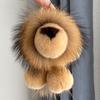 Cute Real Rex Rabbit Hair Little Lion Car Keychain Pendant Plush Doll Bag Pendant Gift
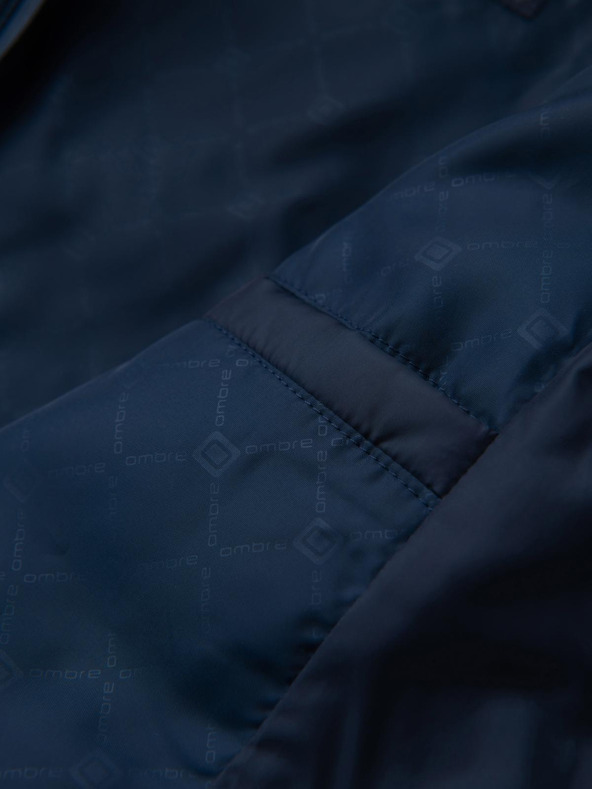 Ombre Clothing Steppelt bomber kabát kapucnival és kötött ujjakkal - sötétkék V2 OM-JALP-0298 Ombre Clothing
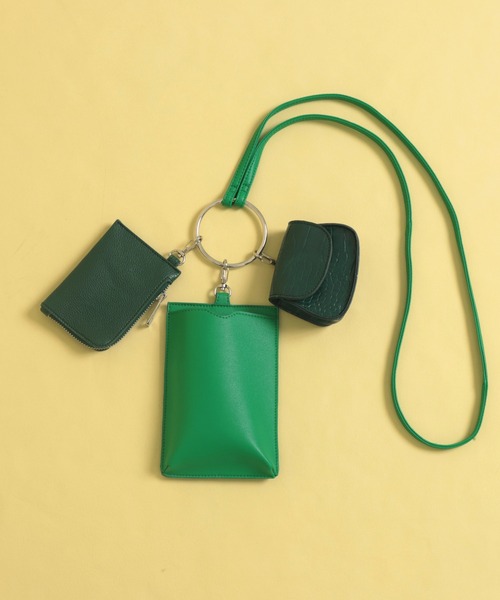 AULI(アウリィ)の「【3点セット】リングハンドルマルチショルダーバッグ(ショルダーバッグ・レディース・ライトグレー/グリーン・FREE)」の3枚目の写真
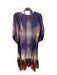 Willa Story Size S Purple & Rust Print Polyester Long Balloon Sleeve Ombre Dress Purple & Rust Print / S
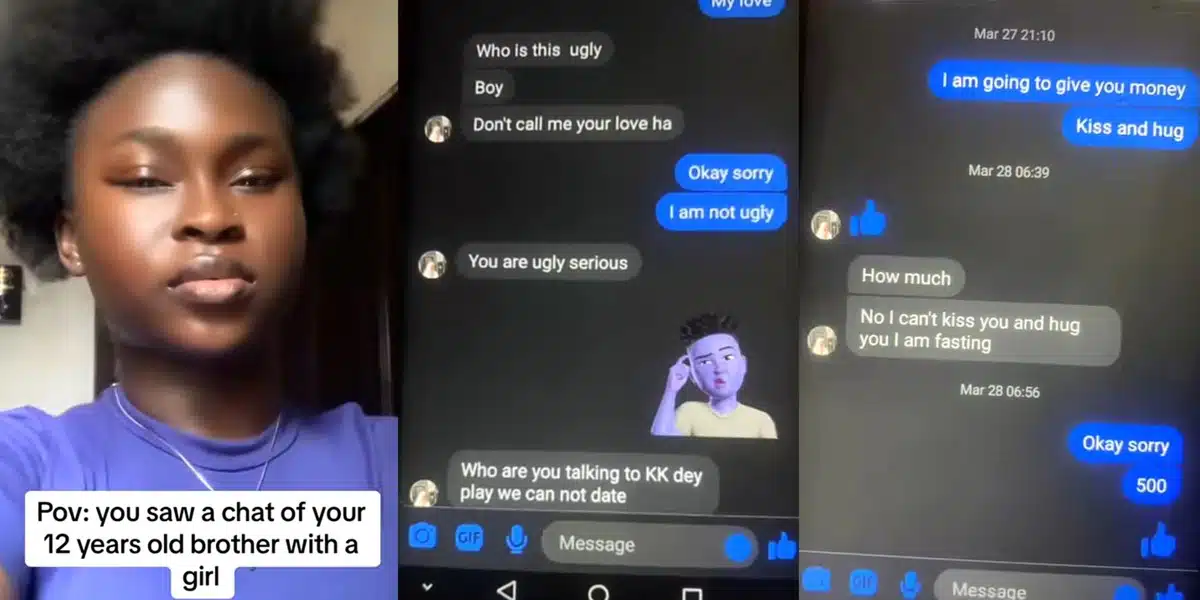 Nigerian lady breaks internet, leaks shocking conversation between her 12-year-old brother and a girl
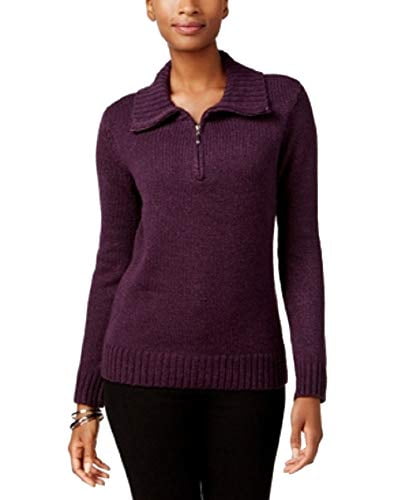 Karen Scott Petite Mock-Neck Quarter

========================================================================

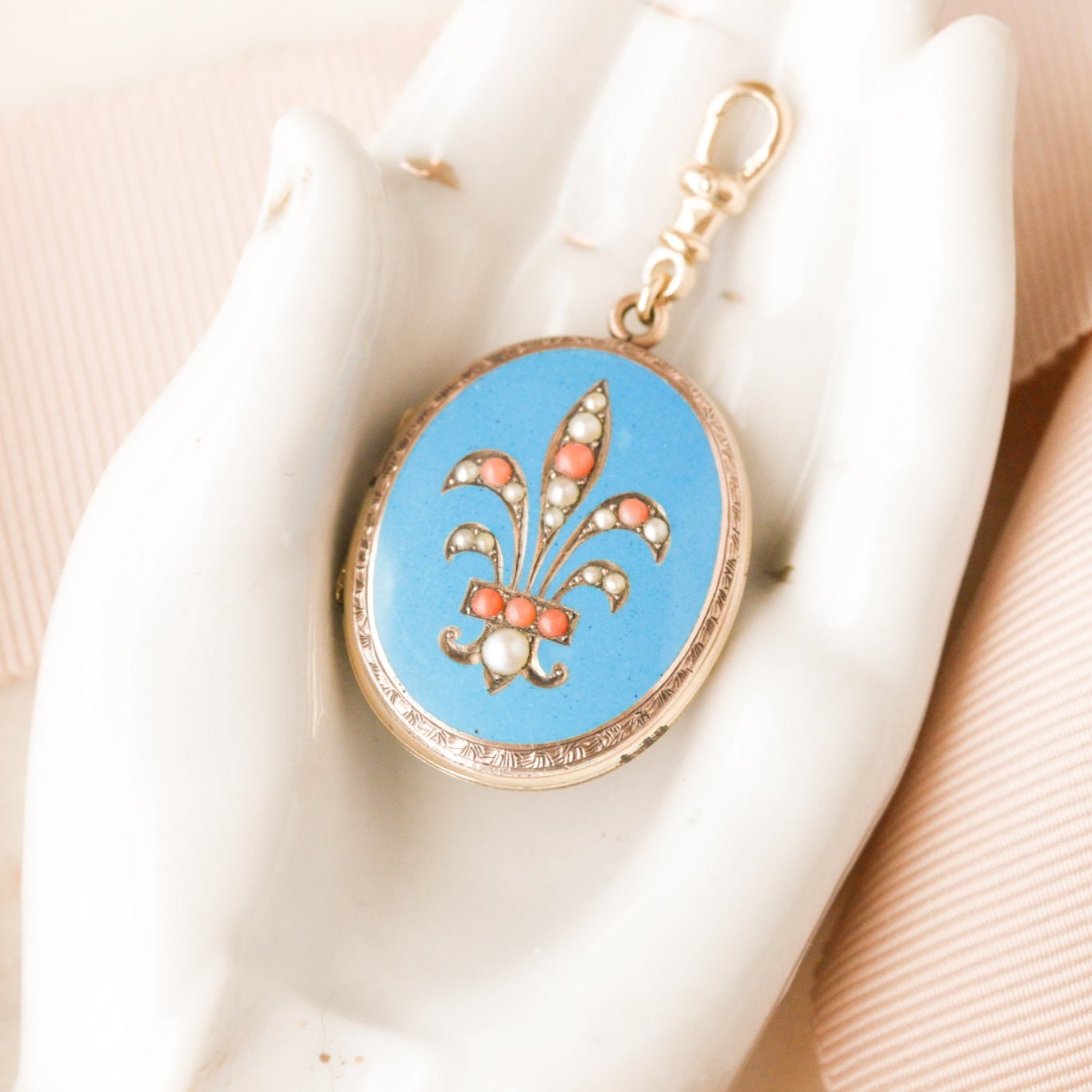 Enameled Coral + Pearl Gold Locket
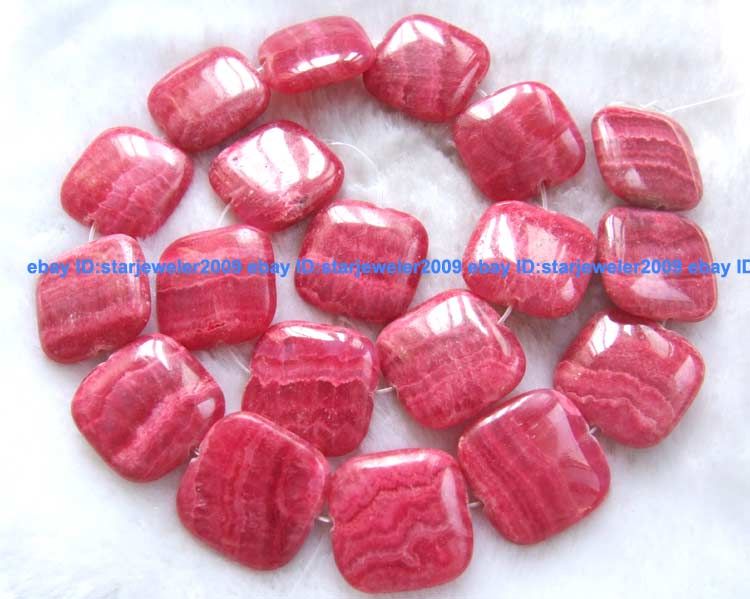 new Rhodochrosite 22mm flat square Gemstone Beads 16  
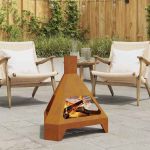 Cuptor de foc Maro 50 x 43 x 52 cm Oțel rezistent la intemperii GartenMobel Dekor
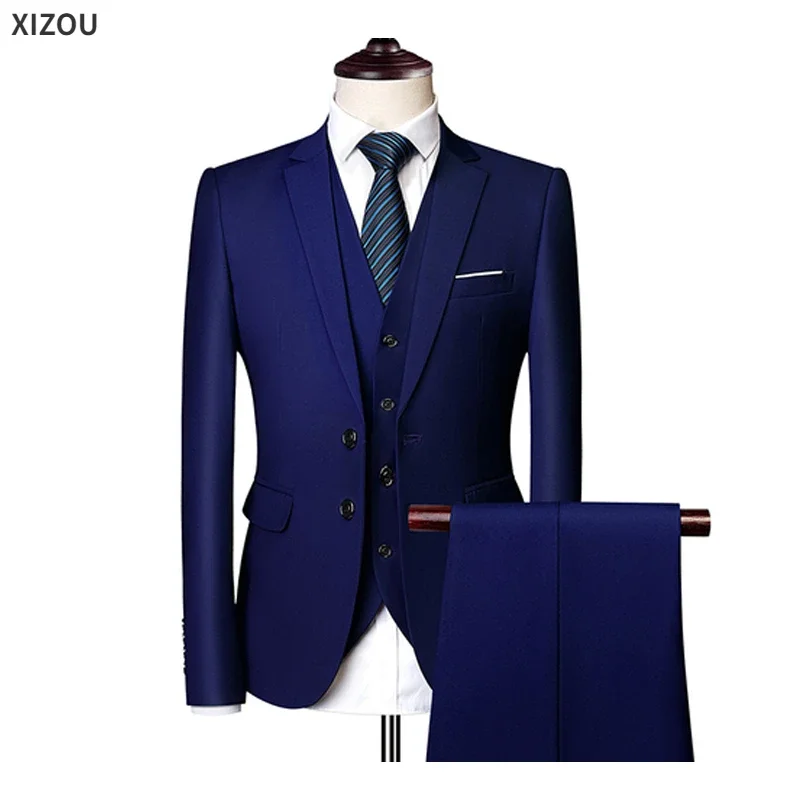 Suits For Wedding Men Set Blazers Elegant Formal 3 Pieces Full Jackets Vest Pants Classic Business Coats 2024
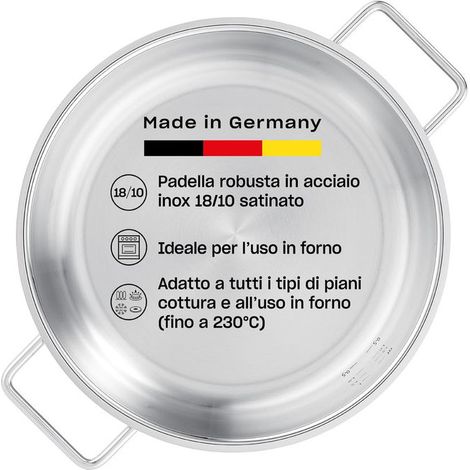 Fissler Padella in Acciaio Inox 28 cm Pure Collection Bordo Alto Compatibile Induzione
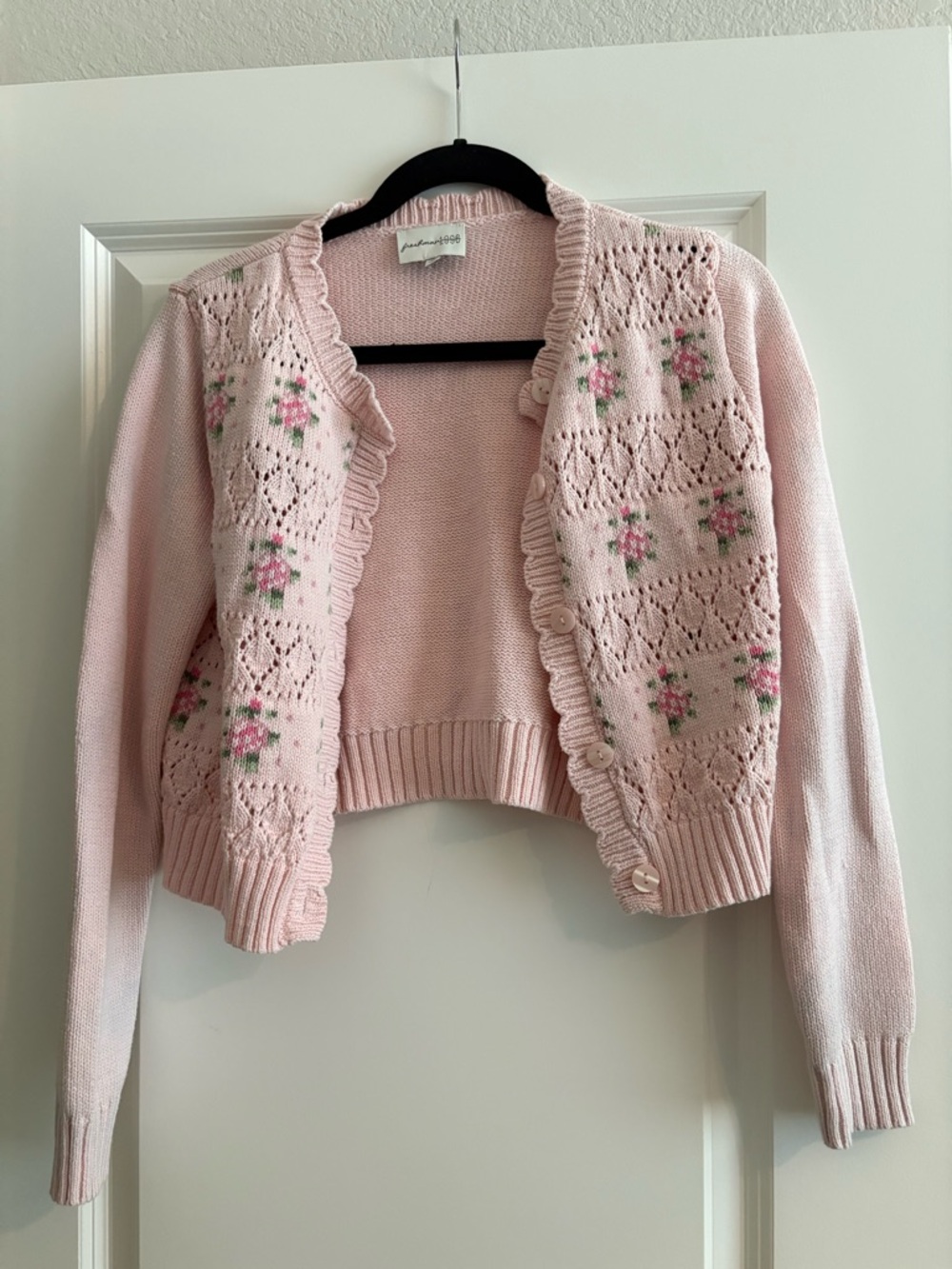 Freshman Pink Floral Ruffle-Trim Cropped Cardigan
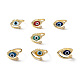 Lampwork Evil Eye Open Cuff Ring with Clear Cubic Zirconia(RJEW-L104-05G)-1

========================================================================

• **What is being asked**
Between and including the line above that contains "Cuptor de foc" and the line that contains "Lampwork Evil Eye", restate every line word for word. Pictures stay out.

• **Worked solution**
 Cuptor de foc Maro 50 x 43 x 52 cm Oțel rezistent la intemperii GartenMobel Dekor
 Suits For Wedding Men Set Blazers Elegant Formal 3 Pieces Full Jackets Vest Pants Classic Business Coats 2024
 Fissler Padella in Acciaio Inox 28 cm Pure Collection Bordo Alto Compatibile Induzione
 Freshman Pink Floral Ruffle-Trim Cropped Cardigan
 Lampwork Evil Eye Open Cuff Ring with Clear Cubic Zirconia(RJEW-L104-05G)-1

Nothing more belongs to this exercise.